Pokémon X / Y and Many More Games Are Finally Working!
You’ve been asking for it for years now, and we’ve been listening, we promise!
Thanks to the hard work of one of our very talented developers, some of Citra’s longest standing issues are finally fixed! Special thanks to all those who are supporting these efforts on Patreon. These donations are given directly to support the hardworking developers such as wwylele who spent almost an entire year of his spare time on the feature in this blog post! We love working on this project, and have a whole lot more to talk about in the coming weeks!
It’s been a long time in development, but we are finally pleased to announce that many of the oldest bugs in Citra are now fixed in the latest Canary build thanks to the tireless efforts of wwylele. Among the titles that had issues with Citra’s HLE audio emulation, one stands out as the number one most requested game of all time: Pokémon X and Y. Before we get too much into the long story behind this great achievement, we should set expectations for what this means for the users of the emulator.
- What games are now working?
We’ve been able to test a few of the fan favorites such as Pokémon X / Y, Fire Emblem Fates and Echoes, and many more! If you’ve experienced audio crashes or bugs in the past, now’s the best time to try those games out again and help us find any issues with this new accurate audio feature.
- How can I test it out?
In the Audio tab of the Configuration menu, there is a new option for Emulation. Selecting “LLE (Accurate)” will use the new feature, while the default value “HLE (Fast)” will continue to use the original audio code.
- Why is it so slow on every game?
We still recommend using HLE (Fast) Audio emulation until further speed improvements are added to LLE (Accurate) emulation! Today we are pleased to announce that many bugs are fixed, but we are also aware that LLE (Accurate) audio makes every game run at around 5FPS or less!
As you’ll see in the rest of the article, this feature has been in development by a single developer for almost a whole year now. During this time, the focus was on accurate emulation, but now that it’s released, we can and will put effort into optimizing it.
- What will happen to the current fast audio emulation?
It’s not going anywhere! In fact, thanks to this new accurate audio emulation option, it should help developers make it even better so it will work with every game.
- How long will it take for games to be full speed with Accurate Audio?
We can’t ever say for sure, but we really hope that it’ll be soon! We’ve done some preliminary profiling and can confidently say that there’s plenty of room for improvement, but now that the code change is live, we welcome any and all contributions to the Teakra project.

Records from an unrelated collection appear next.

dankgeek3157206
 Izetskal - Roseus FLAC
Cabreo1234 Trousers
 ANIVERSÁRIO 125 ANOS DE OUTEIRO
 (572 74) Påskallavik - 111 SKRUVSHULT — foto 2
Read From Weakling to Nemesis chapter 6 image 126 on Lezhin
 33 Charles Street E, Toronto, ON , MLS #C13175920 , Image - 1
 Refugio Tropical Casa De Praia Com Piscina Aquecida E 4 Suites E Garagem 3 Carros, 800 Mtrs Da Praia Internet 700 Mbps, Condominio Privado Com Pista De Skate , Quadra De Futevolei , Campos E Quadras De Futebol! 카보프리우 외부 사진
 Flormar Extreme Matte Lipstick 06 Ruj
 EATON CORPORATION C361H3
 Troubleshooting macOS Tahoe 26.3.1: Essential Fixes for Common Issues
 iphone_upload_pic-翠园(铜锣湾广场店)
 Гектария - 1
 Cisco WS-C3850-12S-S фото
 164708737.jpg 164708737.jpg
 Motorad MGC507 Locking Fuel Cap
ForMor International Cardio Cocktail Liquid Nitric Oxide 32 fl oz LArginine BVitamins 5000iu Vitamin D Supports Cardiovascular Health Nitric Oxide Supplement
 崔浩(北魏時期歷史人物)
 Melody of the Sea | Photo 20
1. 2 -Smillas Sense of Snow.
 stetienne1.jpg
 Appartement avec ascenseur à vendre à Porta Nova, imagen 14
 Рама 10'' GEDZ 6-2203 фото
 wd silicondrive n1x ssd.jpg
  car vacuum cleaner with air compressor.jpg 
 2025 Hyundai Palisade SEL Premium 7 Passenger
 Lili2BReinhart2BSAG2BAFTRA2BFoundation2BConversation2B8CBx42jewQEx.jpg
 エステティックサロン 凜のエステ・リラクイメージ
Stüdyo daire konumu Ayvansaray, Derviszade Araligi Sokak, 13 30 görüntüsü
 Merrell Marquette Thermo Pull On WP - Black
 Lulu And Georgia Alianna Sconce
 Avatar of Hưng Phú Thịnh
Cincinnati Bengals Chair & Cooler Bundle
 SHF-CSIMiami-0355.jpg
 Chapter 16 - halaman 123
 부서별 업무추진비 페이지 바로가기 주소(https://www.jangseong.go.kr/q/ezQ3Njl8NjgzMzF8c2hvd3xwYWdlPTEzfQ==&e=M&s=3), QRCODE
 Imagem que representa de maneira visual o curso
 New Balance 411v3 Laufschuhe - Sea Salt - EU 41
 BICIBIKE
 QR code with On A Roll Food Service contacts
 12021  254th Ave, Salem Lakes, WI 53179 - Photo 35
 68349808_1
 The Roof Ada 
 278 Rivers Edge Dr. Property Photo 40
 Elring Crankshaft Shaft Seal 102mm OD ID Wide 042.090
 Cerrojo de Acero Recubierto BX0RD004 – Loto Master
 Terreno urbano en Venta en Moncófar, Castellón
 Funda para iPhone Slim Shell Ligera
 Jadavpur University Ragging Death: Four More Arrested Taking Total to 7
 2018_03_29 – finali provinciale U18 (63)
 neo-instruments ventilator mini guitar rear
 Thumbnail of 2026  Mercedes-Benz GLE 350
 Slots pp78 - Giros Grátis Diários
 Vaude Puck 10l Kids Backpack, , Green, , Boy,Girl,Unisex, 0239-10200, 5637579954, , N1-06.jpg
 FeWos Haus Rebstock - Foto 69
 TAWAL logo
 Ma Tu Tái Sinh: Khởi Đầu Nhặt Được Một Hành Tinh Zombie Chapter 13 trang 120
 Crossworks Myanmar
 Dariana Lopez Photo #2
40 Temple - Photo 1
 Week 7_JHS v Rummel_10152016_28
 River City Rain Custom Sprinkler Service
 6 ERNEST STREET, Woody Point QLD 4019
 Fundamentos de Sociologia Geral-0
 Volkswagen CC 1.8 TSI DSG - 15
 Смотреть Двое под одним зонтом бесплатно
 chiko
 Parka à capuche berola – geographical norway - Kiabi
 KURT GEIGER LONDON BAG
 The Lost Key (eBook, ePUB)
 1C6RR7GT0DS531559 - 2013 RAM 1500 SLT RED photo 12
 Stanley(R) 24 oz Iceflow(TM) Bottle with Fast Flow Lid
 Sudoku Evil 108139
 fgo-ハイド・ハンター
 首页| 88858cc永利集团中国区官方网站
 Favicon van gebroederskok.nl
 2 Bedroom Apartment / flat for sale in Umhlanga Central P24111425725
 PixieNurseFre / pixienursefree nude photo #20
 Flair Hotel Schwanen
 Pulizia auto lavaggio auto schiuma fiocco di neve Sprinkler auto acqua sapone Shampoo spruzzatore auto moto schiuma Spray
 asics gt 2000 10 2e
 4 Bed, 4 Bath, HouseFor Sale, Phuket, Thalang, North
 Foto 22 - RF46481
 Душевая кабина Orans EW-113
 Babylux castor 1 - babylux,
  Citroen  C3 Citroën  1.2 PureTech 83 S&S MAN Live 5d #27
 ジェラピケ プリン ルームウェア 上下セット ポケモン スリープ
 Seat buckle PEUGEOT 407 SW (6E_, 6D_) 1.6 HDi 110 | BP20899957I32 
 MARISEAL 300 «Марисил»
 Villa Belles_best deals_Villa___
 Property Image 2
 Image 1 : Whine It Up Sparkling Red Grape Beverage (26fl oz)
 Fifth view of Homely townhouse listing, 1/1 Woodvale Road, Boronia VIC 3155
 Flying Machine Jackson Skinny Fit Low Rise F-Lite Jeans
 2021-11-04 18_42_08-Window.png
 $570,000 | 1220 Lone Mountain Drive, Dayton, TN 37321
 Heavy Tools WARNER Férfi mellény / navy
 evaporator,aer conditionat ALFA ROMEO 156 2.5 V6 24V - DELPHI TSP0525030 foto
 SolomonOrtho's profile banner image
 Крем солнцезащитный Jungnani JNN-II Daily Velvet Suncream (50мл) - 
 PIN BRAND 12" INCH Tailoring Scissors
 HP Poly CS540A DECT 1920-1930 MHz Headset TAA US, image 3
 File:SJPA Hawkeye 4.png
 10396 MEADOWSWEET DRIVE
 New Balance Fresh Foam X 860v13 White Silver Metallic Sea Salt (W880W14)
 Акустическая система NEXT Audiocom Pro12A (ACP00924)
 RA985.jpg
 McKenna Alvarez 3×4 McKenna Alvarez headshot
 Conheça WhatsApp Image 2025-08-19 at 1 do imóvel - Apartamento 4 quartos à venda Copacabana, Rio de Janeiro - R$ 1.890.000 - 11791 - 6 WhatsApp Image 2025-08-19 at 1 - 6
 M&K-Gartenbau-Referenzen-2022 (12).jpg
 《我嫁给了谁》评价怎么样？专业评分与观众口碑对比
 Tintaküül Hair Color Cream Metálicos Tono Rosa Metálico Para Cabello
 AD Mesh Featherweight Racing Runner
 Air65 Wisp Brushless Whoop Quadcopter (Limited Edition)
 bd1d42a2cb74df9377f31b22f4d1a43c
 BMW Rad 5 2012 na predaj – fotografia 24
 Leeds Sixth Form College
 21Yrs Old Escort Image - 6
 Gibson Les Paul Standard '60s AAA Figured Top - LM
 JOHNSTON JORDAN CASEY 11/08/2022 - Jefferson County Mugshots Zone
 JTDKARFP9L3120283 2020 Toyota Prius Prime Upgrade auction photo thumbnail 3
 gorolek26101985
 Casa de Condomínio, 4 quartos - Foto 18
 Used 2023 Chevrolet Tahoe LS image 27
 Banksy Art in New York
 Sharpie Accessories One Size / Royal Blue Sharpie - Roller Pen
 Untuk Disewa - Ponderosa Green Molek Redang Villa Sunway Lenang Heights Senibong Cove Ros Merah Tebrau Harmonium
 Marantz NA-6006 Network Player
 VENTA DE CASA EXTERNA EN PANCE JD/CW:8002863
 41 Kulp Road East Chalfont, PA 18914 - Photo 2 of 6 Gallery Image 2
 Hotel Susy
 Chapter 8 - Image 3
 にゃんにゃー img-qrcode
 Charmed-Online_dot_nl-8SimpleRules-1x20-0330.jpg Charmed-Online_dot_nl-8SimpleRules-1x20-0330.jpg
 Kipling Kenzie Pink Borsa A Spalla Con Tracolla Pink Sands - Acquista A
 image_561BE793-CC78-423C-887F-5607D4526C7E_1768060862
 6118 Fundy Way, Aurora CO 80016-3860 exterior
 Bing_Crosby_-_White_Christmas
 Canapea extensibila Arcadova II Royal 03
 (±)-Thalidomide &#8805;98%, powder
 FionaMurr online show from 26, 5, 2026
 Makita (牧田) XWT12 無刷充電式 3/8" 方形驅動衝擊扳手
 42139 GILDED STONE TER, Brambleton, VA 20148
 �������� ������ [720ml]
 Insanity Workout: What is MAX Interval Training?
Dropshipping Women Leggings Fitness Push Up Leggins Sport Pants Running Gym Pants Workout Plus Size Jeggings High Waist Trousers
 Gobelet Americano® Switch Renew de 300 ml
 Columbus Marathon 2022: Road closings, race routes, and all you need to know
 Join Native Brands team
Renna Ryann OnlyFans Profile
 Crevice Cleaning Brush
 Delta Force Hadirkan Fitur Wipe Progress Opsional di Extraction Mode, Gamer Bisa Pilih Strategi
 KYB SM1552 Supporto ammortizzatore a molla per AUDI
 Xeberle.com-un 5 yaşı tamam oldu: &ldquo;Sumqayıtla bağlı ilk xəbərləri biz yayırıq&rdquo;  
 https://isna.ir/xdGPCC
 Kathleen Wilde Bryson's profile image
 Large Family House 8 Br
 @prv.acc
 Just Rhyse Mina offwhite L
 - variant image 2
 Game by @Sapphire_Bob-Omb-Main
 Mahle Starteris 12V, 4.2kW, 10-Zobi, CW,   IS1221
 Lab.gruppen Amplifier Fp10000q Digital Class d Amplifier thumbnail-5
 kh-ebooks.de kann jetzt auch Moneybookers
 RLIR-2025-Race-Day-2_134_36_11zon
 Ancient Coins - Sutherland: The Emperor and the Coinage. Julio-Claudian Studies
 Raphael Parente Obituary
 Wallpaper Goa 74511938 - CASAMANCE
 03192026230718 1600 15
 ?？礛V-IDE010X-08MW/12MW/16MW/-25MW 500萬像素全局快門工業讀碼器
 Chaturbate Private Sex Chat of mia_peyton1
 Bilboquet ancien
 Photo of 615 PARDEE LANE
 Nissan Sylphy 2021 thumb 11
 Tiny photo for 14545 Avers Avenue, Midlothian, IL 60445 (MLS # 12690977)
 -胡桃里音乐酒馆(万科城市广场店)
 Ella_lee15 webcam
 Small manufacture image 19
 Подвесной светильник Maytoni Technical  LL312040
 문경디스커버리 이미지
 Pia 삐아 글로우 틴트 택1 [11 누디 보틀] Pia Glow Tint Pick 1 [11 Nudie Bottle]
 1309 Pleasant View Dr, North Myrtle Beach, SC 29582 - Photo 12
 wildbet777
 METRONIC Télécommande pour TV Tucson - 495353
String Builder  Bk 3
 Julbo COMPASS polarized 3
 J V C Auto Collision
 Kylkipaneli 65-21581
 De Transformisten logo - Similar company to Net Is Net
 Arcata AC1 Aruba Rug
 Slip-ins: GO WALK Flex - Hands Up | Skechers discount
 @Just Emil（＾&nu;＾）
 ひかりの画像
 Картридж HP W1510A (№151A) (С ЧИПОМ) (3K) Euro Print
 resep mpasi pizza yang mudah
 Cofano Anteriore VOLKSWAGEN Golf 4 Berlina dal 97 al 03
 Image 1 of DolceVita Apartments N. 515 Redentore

With that out of the way, buckle up as it’s now time to dive into the storied history behind the fix for Citra’s most prolific bug yet!
All About HLE Audio And Why It’s Awesome
Take a trip down memory lane, and you’ll dig up a blog post from 2016 titled “HLE Audio Comes to Citra”. Written by the very talented MerryMage, High Level Audio Emulation (or HLE audio for short) provides excellent audio quality while also being very efficient. So for emulation, where the goal of many developers is not only to make the emulation accurate, but also to make it fast, HLE audio is a great middle ground as you get to have high accuracy while also taking almost no processing effort. But as usual, there is one thing that’s particularly hard to get right with HLE audio. In order to write an effective HLE audio engine, one must first reverse engineer the audio code that the game uses, and truly understand what it does.
merry spent a long time writing tools to help break down exactly what the game was doing, and also decipher what the audio code is doing semantically. This turns out to be pretty tricky in practice. It’s much simpler to look at disassembly and see what the code is doing than it is to really understand why it’s doing something, which is a requirement when recreating the audio code. Simply put, writing HLE audio support means diving deep into how the code for the game’s audio works, and recreating its functionality in Citra, without ever running any actual audio code from the game. But there’s a very different way to handle audio, and this is hinted about at the end of the 2016 article: Low Level Audio Emulation (or LLE for short).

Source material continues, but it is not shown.